** Source information follows **

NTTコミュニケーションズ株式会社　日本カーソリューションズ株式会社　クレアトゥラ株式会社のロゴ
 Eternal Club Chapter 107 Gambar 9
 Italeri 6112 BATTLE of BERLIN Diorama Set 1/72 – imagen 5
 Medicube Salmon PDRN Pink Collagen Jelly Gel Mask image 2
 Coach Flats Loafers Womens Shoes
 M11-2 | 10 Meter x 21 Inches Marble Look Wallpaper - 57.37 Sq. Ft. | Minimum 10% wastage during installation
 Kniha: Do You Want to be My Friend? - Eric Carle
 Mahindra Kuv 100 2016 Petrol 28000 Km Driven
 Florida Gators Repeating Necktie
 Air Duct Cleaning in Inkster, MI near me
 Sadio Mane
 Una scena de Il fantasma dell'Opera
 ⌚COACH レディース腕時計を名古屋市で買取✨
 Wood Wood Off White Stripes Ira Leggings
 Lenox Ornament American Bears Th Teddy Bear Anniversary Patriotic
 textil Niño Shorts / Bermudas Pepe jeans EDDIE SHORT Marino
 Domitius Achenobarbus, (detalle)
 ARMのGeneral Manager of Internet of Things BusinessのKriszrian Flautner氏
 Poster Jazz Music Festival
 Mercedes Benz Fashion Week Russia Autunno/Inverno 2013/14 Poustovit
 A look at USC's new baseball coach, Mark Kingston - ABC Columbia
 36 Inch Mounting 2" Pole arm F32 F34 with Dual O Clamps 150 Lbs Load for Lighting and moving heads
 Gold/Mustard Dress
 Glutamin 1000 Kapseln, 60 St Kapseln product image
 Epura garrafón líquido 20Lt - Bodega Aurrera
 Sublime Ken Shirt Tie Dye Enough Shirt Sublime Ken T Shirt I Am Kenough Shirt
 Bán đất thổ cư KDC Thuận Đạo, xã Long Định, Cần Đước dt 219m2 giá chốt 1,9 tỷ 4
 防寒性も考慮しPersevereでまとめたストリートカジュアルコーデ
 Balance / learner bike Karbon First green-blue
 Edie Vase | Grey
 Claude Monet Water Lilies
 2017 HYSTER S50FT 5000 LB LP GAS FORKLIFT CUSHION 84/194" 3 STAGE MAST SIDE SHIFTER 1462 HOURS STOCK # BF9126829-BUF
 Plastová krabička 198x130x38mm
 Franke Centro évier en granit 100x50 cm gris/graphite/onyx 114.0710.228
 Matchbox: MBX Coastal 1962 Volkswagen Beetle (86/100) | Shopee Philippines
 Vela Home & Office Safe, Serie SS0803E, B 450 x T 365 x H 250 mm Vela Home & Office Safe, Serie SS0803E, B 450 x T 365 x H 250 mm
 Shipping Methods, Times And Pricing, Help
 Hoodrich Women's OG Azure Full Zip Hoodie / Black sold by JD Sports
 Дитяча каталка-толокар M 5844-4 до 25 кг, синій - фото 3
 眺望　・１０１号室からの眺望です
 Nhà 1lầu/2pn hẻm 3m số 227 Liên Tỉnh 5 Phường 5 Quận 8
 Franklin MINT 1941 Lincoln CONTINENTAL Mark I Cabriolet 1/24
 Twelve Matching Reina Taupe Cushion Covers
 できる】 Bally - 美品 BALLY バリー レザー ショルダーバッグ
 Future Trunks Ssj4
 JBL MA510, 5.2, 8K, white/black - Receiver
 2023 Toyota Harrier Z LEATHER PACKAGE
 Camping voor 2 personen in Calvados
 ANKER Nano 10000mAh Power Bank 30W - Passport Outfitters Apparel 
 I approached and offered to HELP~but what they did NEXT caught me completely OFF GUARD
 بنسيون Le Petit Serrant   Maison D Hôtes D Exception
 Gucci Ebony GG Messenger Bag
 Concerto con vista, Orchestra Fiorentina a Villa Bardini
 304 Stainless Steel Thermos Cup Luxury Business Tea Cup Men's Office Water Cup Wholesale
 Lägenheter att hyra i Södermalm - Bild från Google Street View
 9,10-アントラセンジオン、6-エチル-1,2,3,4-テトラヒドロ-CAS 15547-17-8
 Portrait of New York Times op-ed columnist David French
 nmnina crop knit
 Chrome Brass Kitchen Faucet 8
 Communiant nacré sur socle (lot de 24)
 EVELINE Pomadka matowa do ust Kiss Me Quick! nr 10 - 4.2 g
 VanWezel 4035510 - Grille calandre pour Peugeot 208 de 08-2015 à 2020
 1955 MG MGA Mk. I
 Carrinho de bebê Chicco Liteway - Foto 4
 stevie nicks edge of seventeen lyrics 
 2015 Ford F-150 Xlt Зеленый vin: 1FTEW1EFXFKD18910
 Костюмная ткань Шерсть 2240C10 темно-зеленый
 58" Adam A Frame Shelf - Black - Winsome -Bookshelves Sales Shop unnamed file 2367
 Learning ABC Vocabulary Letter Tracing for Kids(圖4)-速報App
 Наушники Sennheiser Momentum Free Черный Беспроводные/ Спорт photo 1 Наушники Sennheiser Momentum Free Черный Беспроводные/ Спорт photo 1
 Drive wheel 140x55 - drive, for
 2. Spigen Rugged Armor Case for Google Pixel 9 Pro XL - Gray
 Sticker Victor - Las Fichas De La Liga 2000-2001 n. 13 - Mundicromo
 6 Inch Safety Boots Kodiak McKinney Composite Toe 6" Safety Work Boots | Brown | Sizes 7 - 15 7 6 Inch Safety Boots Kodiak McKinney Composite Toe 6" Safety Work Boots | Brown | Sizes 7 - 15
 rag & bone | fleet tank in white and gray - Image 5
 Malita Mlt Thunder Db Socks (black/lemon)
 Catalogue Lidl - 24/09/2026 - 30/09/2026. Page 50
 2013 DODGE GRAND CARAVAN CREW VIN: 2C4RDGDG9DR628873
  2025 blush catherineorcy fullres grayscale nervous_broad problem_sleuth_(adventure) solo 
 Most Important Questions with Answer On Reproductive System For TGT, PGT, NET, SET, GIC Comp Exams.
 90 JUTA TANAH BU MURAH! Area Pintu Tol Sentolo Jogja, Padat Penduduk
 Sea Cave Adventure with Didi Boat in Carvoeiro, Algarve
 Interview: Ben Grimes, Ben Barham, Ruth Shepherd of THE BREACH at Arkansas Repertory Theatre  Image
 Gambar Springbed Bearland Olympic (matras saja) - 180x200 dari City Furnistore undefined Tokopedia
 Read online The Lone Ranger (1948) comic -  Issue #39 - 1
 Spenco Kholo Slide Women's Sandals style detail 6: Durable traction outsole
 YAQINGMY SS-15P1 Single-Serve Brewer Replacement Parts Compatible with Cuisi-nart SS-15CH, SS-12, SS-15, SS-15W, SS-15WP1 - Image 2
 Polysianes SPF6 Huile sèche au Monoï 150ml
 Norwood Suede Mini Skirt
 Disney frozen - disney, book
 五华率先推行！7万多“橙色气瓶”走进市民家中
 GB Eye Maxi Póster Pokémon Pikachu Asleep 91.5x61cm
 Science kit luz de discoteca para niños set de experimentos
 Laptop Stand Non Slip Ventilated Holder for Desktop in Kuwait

** End of Source information **

• **Assigned task**:
Look back at the records above. Repeat all of them exactly.

• **Solution to this problem**:
NTTコミュニケーションズ株式会社　日本カーソリューションズ株式会社　クレアトゥラ株式会社のロゴ
 Eternal Club Chapter 107 Gambar 9
 Italeri 6112 BATTLE of BERLIN Diorama Set 1/72 – imagen 5
 Medicube Salmon PDRN Pink Collagen Jelly Gel Mask image 2
 Coach Flats Loafers Womens Shoes
 M11-2 | 10 Meter x 21 Inches Marble Look Wallpaper - 57.37 Sq. Ft. | Minimum 10% wastage during installation
 Kniha: Do You Want to be My Friend? - Eric Carle
 Mahindra Kuv 100 2016 Petrol 28000 Km Driven
 Florida Gators Repeating Necktie
 Air Duct Cleaning in Inkster, MI near me
 Sadio Mane
 Una scena de Il fantasma dell'Opera
 ⌚COACH レディース腕時計を名古屋市で買取✨
 Wood Wood Off White Stripes Ira Leggings
 Lenox Ornament American Bears Th Teddy Bear Anniversary Patriotic
 textil Niño Shorts / Bermudas Pepe jeans EDDIE SHORT Marino
 Domitius Achenobarbus, (detalle)
 ARMのGeneral Manager of Internet of Things BusinessのKriszrian Flautner氏
 Poster Jazz Music Festival
 Mercedes Benz Fashion Week Russia Autunno/Inverno 2013/14 Poustovit
 A look at USC's new baseball coach, Mark Kingston - ABC Columbia
 36 Inch Mounting 2" Pole arm F32 F34 with Dual O Clamps 150 Lbs Load for Lighting and moving heads
 Gold/Mustard Dress
 Glutamin 1000 Kapseln, 60 St Kapseln product image
 Epura garrafón líquido 20Lt - Bodega Aurrera
 Sublime Ken Shirt Tie Dye Enough Shirt Sublime Ken T Shirt I Am Kenough Shirt
 Bán đất thổ cư KDC Thuận Đạo, xã Long Định, Cần Đước dt 219m2 giá chốt 1,9 tỷ 4
 防寒性も考慮しPersevereでまとめたストリートカジュアルコーデ
 Balance / learner bike Karbon First green-blue
 Edie Vase | Grey
 Claude Monet Water Lilies
 2017 HYSTER S50FT 5000 LB LP GAS FORKLIFT CUSHION 84/194" 3 STAGE MAST SIDE SHIFTER 1462 HOURS STOCK # BF9126829-BUF
 Plastová krabička 198x130x38mm
 Franke Centro évier en granit 100x50 cm gris/graphite/onyx 114.0710.228
 Matchbox: MBX Coastal 1962 Volkswagen Beetle (86/100) | Shopee Philippines
 Vela Home & Office Safe, Serie SS0803E, B 450 x T 365 x H 250 mm Vela Home & Office Safe, Serie SS0803E, B 450 x T 365 x H 250 mm
 Shipping Methods, Times And Pricing, Help
 Hoodrich Women's OG Azure Full Zip Hoodie / Black sold by JD Sports
 Дитяча каталка-толокар M 5844-4 до 25 кг, синій - фото 3
 眺望　・１０１号室からの眺望です
 Nhà 1lầu/2pn hẻm 3m số 227 Liên Tỉnh 5 Phường 5 Quận 8
 Franklin MINT 1941 Lincoln CONTINENTAL Mark I Cabriolet 1/24
 Twelve Matching Reina Taupe Cushion Covers
 できる】 Bally - 美品 BALLY バリー レザー ショルダーバッグ
 Future Trunks Ssj4
 JBL MA510, 5.2, 8K, white/black - Receiver
 2023 Toyota Harrier Z LEATHER PACKAGE
 Camping voor 2 personen in Calvados
 ANKER Nano 10000mAh Power Bank 30W - Passport Outfitters Apparel 
 I approached and offered to HELP~but what they did NEXT caught me completely OFF GUARD
 بنسيون Le Petit Serrant   Maison D Hôtes D Exception
 Gucci Ebony GG Messenger Bag
 Concerto con vista, Orchestra Fiorentina a Villa Bardini
 304 Stainless Steel Thermos Cup Luxury Business Tea Cup Men's Office Water Cup Wholesale
 Lägenheter att hyra i Södermalm - Bild från Google Street View
 9,10-アントラセンジオン、6-エチル-1,2,3,4-テトラヒドロ-CAS 15547-17-8
 Portrait of New York Times op-ed columnist David French
 nmnina crop knit
 Chrome Brass Kitchen Faucet 8
 Communiant nacré sur socle (lot de 24)
 EVELINE Pomadka matowa do ust Kiss Me Quick! nr 10 - 4.2 g
 VanWezel 4035510 - Grille calandre pour Peugeot 208 de 08-2015 à 2020
 1955 MG MGA Mk. I
 Carrinho de bebê Chicco Liteway - Foto 4
 stevie nicks edge of seventeen lyrics 
 2015 Ford F-150 Xlt Зеленый vin: 1FTEW1EFXFKD18910
 Костюмная ткань Шерсть 2240C10 темно-зеленый
 58" Adam A Frame Shelf - Black - Winsome -Bookshelves Sales Shop unnamed file 2367
 Learning ABC Vocabulary Letter Tracing for Kids(圖4)-速報App
 Наушники Sennheiser Momentum Free Черный Беспроводные/ Спорт photo 1 Наушники Sennheiser Momentum Free Черный Беспроводные/ Спорт photo 1
 Drive wheel 140x55 - drive, for
 2. Spigen Rugged Armor Case for Google Pixel 9 Pro XL - Gray
 Sticker Victor - Las Fichas De La Liga 2000-2001 n. 13 - Mundicromo
 6 Inch Safety Boots Kodiak McKinney Composite Toe 6" Safety Work Boots | Brown | Sizes 7 - 15 7 6 Inch Safety Boots Kodiak McKinney Composite Toe 6" Safety Work Boots | Brown | Sizes 7 - 15
 rag & bone | fleet tank in white and gray - Image 5
 Malita Mlt Thunder Db Socks (black/lemon)
 Catalogue Lidl - 24/09/2026 - 30/09/2026. Page 50
 2013 DODGE GRAND CARAVAN CREW VIN: 2C4RDGDG9DR628873
  2025 blush catherineorcy fullres grayscale nervous_broad problem_sleuth_(adventure) solo 
 Most Important Questions with Answer On Reproductive System For TGT, PGT, NET, SET, GIC Comp Exams.
 90 JUTA TANAH BU MURAH! Area Pintu Tol Sentolo Jogja, Padat Penduduk
 Sea Cave Adventure with Didi Boat in Carvoeiro, Algarve
 Interview: Ben Grimes, Ben Barham, Ruth Shepherd of THE BREACH at Arkansas Repertory Theatre  Image
 Gambar Springbed Bearland Olympic (matras saja) - 180x200 dari City Furnistore undefined Tokopedia
 Read online The Lone Ranger (1948) comic -  Issue #39 - 1
 Spenco Kholo Slide Women's Sandals style detail 6: Durable traction outsole
 YAQINGMY SS-15P1 Single-Serve Brewer Replacement Parts Compatible with Cuisi-nart SS-15CH, SS-12, SS-15, SS-15W, SS-15WP1 - Image 2
 Polysianes SPF6 Huile sèche au Monoï 150ml
 Norwood Suede Mini Skirt
 Disney frozen - disney, book
 五华率先推行！7万多“橙色气瓶”走进市民家中
 GB Eye Maxi Póster Pokémon Pikachu Asleep 91.5x61cm
 Science kit luz de discoteca para niños set de experimentos
 Laptop Stand Non Slip Ventilated Holder for Desktop in Kuwait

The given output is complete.